Saturday, November 20, 2010

Just because it's true

We may sometimes be a little confused about why we follow, preach or teach Christ.

I remember a series of conversations I had with a Japanese woman when I lived in Japan. She wasn't a believer, and she simply could not fathom how anyone could be a Christian when the Truth of God conflicted with so much of what she wanted to believe.

Even so, she had a pretty decent understanding of the Faith, and kept asking me questions that usually went like this:

"Don't you Christians believe such-and-such?"
"Yes. We do."
"But isn't that terribly harsh [strange / illogical / scary / old-fashioned / difficult]?"
"I suppose it is."
"Well then, how can you believe it?"

I kept trying to get her to understand that how I felt about the Truth really didn't make much difference. If the doctrine she'd asked about that day was in fact true, my opinion of it was irrelevant. I could accept it or reject it. But that's it. Nothing I could do would affect the reality of it in the least.

There two important points in this story.

The first is this: If we aren't clear about the fact that Christianity is true, we allow God's message to degenerate into mere opinion.

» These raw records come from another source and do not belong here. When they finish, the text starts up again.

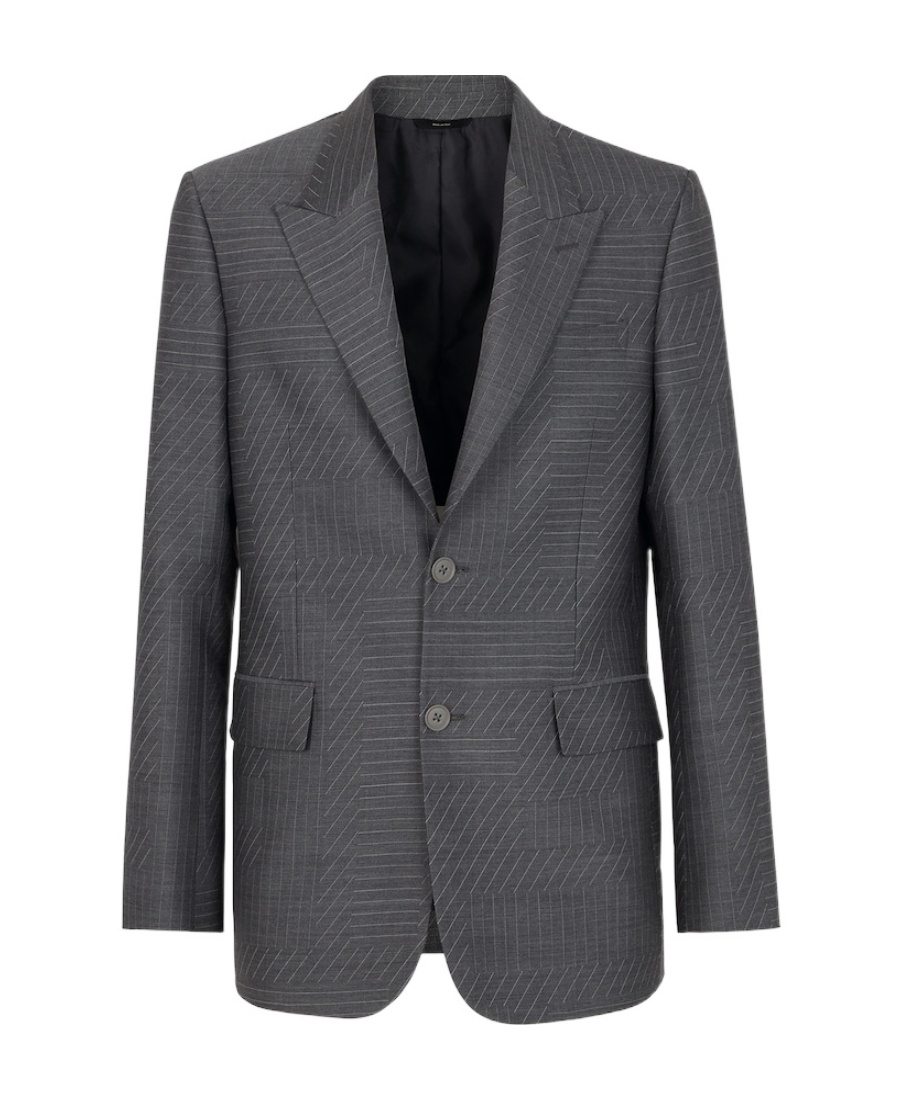 Fendi Striped Single-breasted Wool Blazer In Black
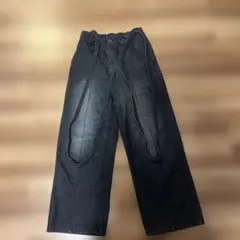 ストラップ付き ワイドデニムパンツ ブラック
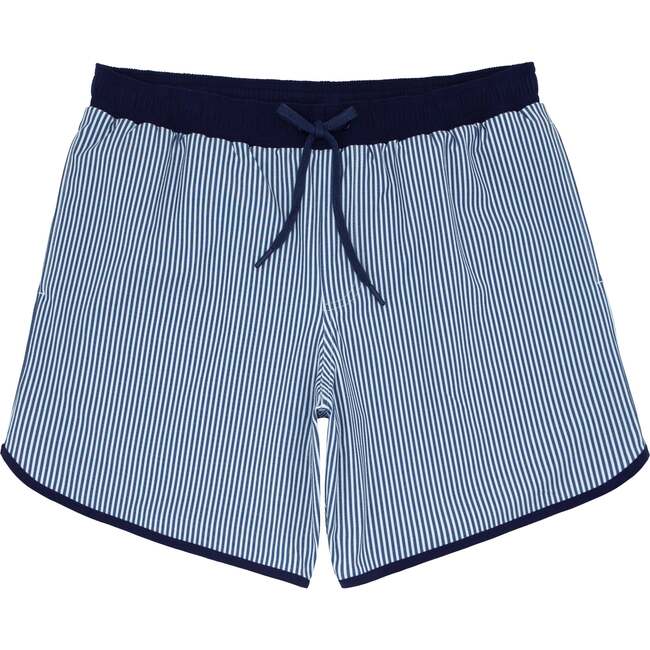 Men's UPF 50+ Stripe Boardie Shorts, Navy - Swim Trunks - 1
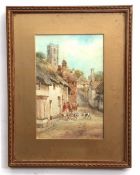 Walter Henry Sweet, signed watercolour, West Country village with hunt party, 28 x 18cms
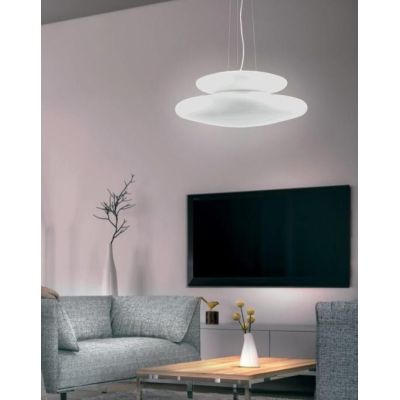 PAGODA SOSPENSIONE MODERNA CON DOPPIO DIFFUSORE IN VETRO SOFFIATO BIANCO DIAMETRO CM 50 ONDALUCE CICIRIELLO - Cristalensi Shop O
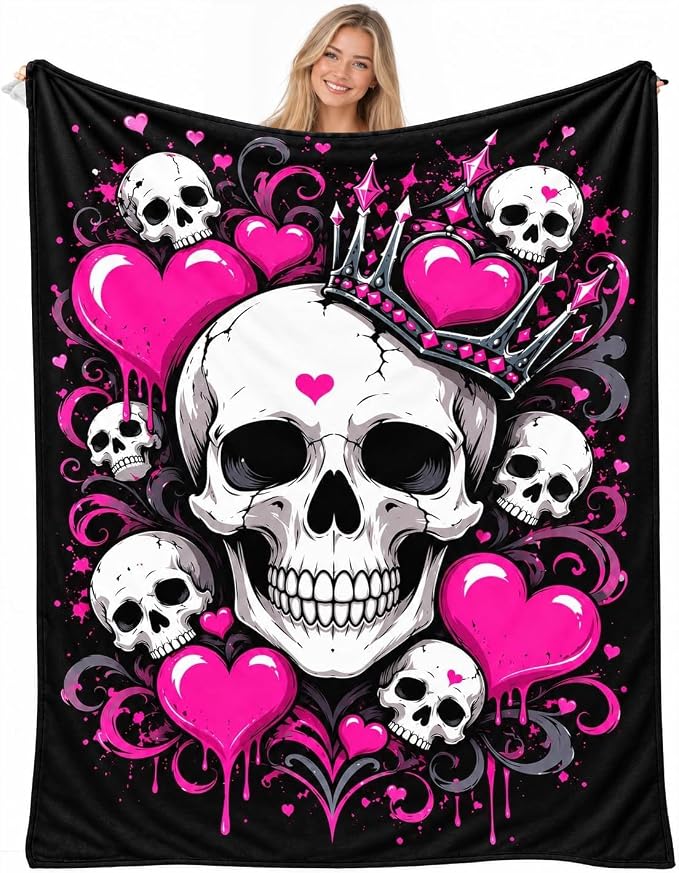 Skull Blanket Skull Gifts for Men Women Kids Soft Cozy Throw Blanket for Skulls Lovers Warm Fuzzy Blankets for Couch Bed Living Room Home Decor 50"x40" - skull blanket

It would be ridiculous and obnoxious of me to insist that everyone profess that autumn is the best month, because there are four equally good months out there. I happen to like autumn best. But if I sincerely believe that it is objectively and universally better than the other three, I'm a fool. The best month, like many things in life, is opinion.

God's truth is not like that. When I encourage someone to follow Christ I am not doing it because I happen to think Jesus was nicer than the Buddha. I am not offering them what I think is the better of several possible, equally good, Faiths. I am offering them the One Truth.

This distinction is extremely important to maintain. People must understand that what they are accepting or rejecting is reality - not some declaration on the level of, which kind of ice cream is best. The difference in gravity is tremendous.

CS Lewis puts it like this:

The great difficulty is to get modern audiences to realize that you are preaching Christianity solely and simply because you happen to think it true; they always suppose you are preaching it because you like it or think it good for society or something of that sort. Now a clearly maintained distinction between what the Faith actually says and what you would like it to have said or what you understand or what you personally find helpful or think probable, forces your audience to realize that you are tied to your data just as the scientist is tied by the results of the experiments; that you are not just saying what you like. This immediately helps them realize that what is being discussed is a question about objective fact — not gas about ideals and points of view.  (From Mere Christianity)

This leads nicely into the second point: The Word of God has beauty, power, majesty, comfort, wisdom, etc. The Word of God is True. We are perfectly right to rejoice in and share its beauty etc, but if we don't hold to God's Word because it is True, we could be in serious danger.

If we believe, preach, or teach Christ primarily because we think the message is beautiful or helpful or life-changing (or any of the other hundreds of possible reasons), we are likely to eventually go in one of three wrong directions:

  • Those who believe because it's beautiful may lose faith when they see "ugliness" (eg, Hell) in it. Those who preach it because it's life-changing may lose heart when they see someone whose life did not change. Etc.
  • We may begin to pick and choose our doctrines. You know how it goes. "I like this one. But I do not like that one. So I will embrace this one. And I will reject that one."
  • We may be tempted to push it in the direction we want it to go, gradually moving away from the truth so that it lines up better with the reason we teach it. If we teach the gospel because we love the poor or think society corrupt, we could make Jesus into a mere social reformer. If we want evil people to suffer for their sins, we could twist the Word so that mercy loses out to judgment. And so on.
Instead, let us remain stable and focused and wise.

Your word, LORD, is eternal; 
   it stands firm in the heavens...
The statutes you have laid down are righteous; 
   they are fully trustworthy... 
Your promises have been thoroughly tested, 
   and your servant loves them...
Your righteousness is everlasting 
   and your law is true. 
(Psalm 119)

Thank you all for reading today. I sincerely appreciate it!